MCTformer+: Multi-Class Token Transformer for Weakly Supervised Semantic
Segmentation
- URL: http://arxiv.org/abs/2308.03005v1
- Date: Sun, 6 Aug 2023 03:30:20 GMT
- Title: MCTformer+: Multi-Class Token Transformer for Weakly Supervised Semantic
Segmentation
- Authors: Lian Xu, Mohammed Bennamoun, Farid Boussaid, Hamid Laga, Wanli Ouyang,
Dan Xu
- Abstract summary: We propose a transformer-based framework that aims to enhance weakly supervised semantic segmentation.
We introduce a Multi-Class Token transformer, which incorporates multiple class tokens to enable class-aware interactions with the patch tokens.
A Contrastive-Class-Token (CCT) module is proposed to enhance the learning of discriminative class tokens.
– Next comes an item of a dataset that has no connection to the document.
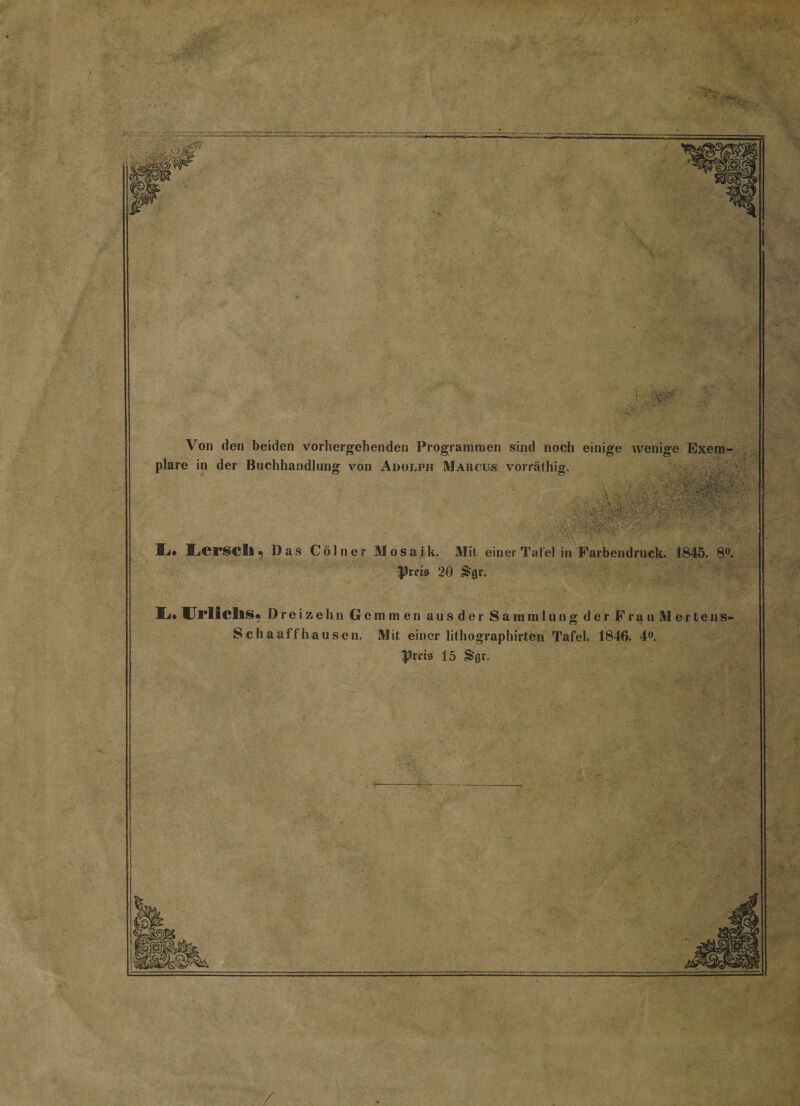 f td» Von den beiden vorhergehenden Programmen sind noch einige wenige Exem¬ plare in der Buchhandlung von Adolph Marcus vorräfhig. li* Lerscll ^ Das Cölner Mosaik. Mit einer Tafel in Farbendruck. 1845. 8°. Preis 20 Sgr. UrlicllS* Dreizehn Gemmen ausder Sammlung der Frau Merten s- S chaaffhausen. Mit einer lithographirten Tafel. 1846. 4°. Prf tu 15 &amp;'Qr. y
- Score: 90.73815426893034
- License: http://arxiv.org/licenses/nonexclusive-distrib/1.0/
- Abstract: This paper proposes a novel transformer-based framework that aims to enhance
weakly supervised semantic segmentation (WSSS) by generating accurate
class-specific object localization maps as pseudo labels. Building upon the
observation that the attended regions of the one-class token in the standard
vision transformer can contribute to a class-agnostic localization map, we
explore the potential of the transformer model to capture class-specific
attention for class-discriminative object localization by learning multiple
class tokens. We introduce a Multi-Class Token transformer, which incorporates
multiple class tokens to enable class-aware interactions with the patch tokens.
To achieve this, we devise a class-aware training strategy that establishes a
one-to-one correspondence between the output class tokens and the ground-truth
class labels. Moreover, a Contrastive-Class-Token (CCT) module is proposed to
enhance the learning of discriminative class tokens, enabling the model to
better capture the unique characteristics and properties of each class. As a
result, class-discriminative object localization maps can be effectively
generated by leveraging the class-to-patch attentions associated with different
class tokens. To further refine these localization maps, we propose the
utilization of patch-level pairwise affinity derived from the patch-to-patch
transformer attention. Furthermore, the proposed framework seamlessly
complements the Class Activation Mapping (CAM) method, resulting in
significantly improved WSSS performance on the PASCAL VOC 2012 and MS COCO 2014
datasets. These results underline the importance of the class token for WSSS.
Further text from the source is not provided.